Hatha Yoga’nın hedefi

Sade (Sattva) Oluş'u mümkün kılmak.

-Sattva zihin

-Yaşam enerjisi (Prana) Kontrolü

-Kurtuluşa erişme (Moksa)

"Hatha Yoga, bedeni güçlendirmek ve zihni dengede tutmak için uygulanır.

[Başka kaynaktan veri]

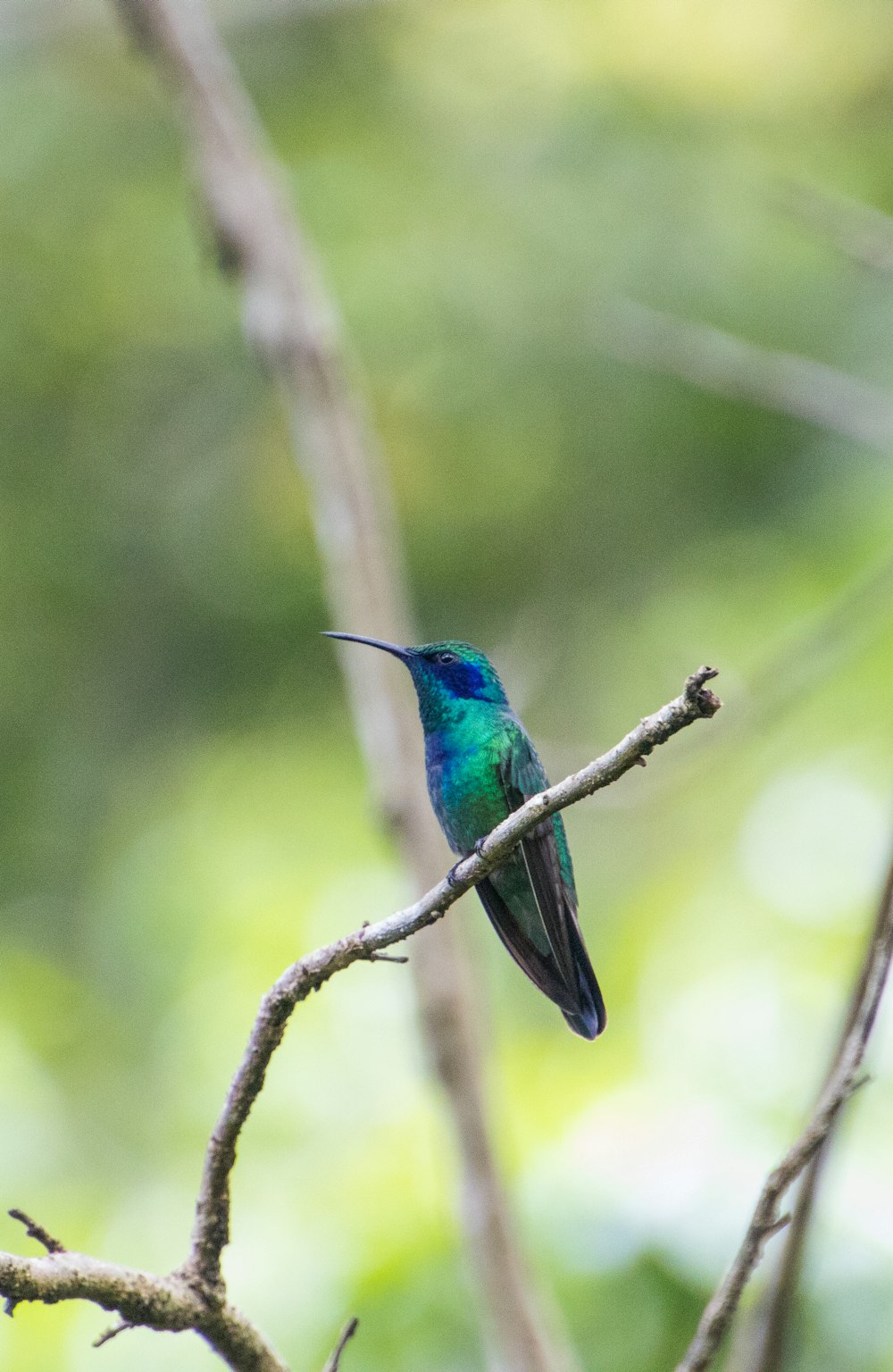 a small blue and green bird sitting on a tree branch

Sağlıklı bir beden, Yüce Gerçek’e ulaşmak için bir araçtır."

(The Science of Pranayama, Swami Sivananda)

"Kişinin bedenini tapınak haline getirerek ruhu barındıracak kadar saf ve güçlü kılmaktır."

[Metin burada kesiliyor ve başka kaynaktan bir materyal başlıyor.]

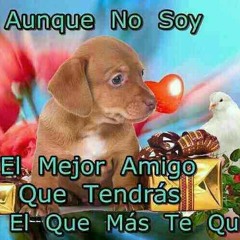 07 Tu Me Juraste.m4a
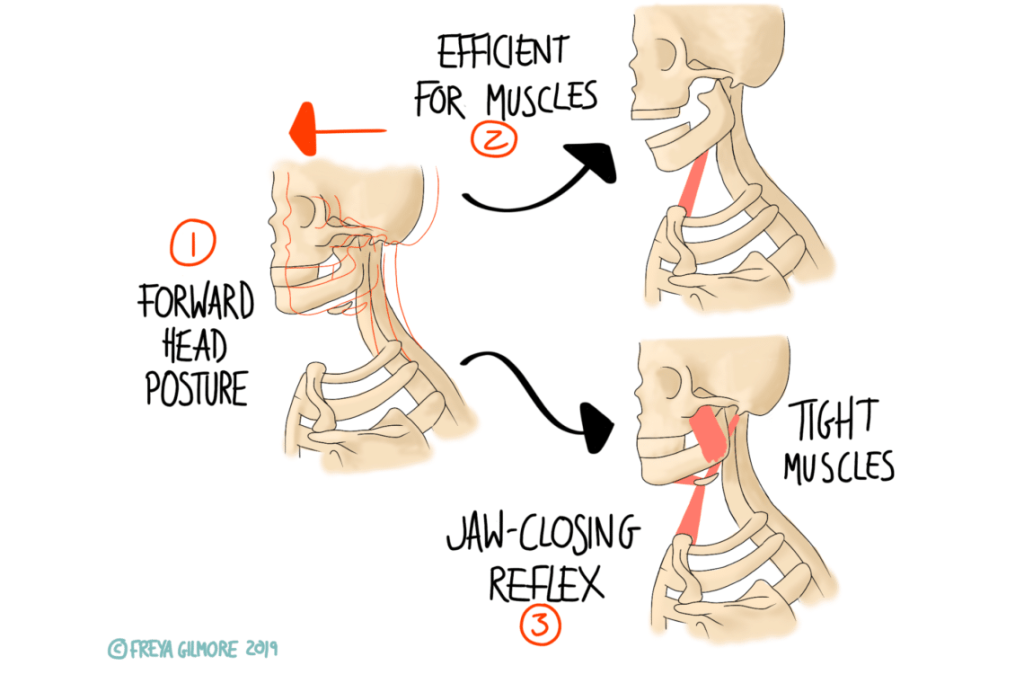 The Stomatognathic System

(Light on Yoga, B.K.S. Iyengar)

"Hatha Yoga, bedeni, zihni ve prana'yı uyum içine getirerek, yüksek bilinç durumlarına girişi kolaylaştırır."

(Asana Pranayama Mudra Bandha, Satyananda Saraswati)

Asana (bedensel duruşlar): Bedeni sağlıklı ve sabit hale getirmek.

Pranayama (nefes kontrolü): Enerjiyi (prana) arındırmak ve zihni sakinleştirmek.

Mudra ve Bandha (enerji kilitleme teknikleri): İç enerjiyi uyandırmak ve yönlendirmek.

Shatkarma (arınma teknikleri): Bedenin iç temizlik işlemleri (örneğin burun temizliği, mide temizliği vb.) ile hastalıkları yok etmek ve enerji akışını serbestleştirmek.

-Beden ve enerji sistemini saflaştırıp, zihnin tek bir noktaya odaklanmasını mümkün kılacak bir temel oluşturulur.

Oluşturulan bu temel ile birlikte pratik uygulayıcısı olan yogi sakınç (Meditation-Dhyana) için oluşturulması gereken şartları yerine getirmiş olur. Dengelenmiş enerji kanallarının (İda/Pingala - Sushumna) madde ötesi aracılığı vasıtası ile yogi, Bhagavad-Gita, Patanjali Sutra, Upanishad ve Vedalarda (Samkhya) anlayışı ile bahsedilen ikicilik (Dualite) den maddesel (Prakruti) olan her şeyi (üç guna) sakınç vasıtasıyla geride bırakarak ebedi varoluşun doğası olan bilince (Pruşha) yerleşir.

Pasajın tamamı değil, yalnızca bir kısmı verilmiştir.